I have the following code which calculates a loss function:

class MSE_loss(nn.Module):
    """ 
    : metric: L1, L2 norms or cosine similarity
    : mode: training or evaluation mode
    """

    def __init__(self,metric, mode, weighted_sum = False):
        super(MSE_loss, self).__init__()
        self.metric = metric.lower()
        self.loss_function = nn.MSELoss()
        self.mode = mode.lower()
        self.weighted_sum = weighted_sum

    def forward(self, output1, output2, labels):
        self.labels = labels         
        self.linear = nn.Linear(output1.size()[0],1)

        if self.metric == 'cos':
            self.d= F.cosine_similarity(output1, output2)
        elif self.metric == 'l1':
            self.d = torch.abs(output1-output2)
        elif self.metric == 'l2':
            self.d = torch.sqrt((output1-output2)**2)

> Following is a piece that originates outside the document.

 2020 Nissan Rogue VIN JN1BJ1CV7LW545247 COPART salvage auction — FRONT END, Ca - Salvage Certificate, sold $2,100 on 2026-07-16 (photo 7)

        def dimensional_reduction(forward):
            if self.weighted_sum:
                distance = self.linear(self.d)
            else:
                distance = torch.mean(self.d,1)
            return distance

        def estimate_loss(forward):
            distance = dimensional_reduction(self.d)
            pred = torch.exp(-distance)
            pred = torch.round(pred)
            loss = self.loss_function(pred, self.labels)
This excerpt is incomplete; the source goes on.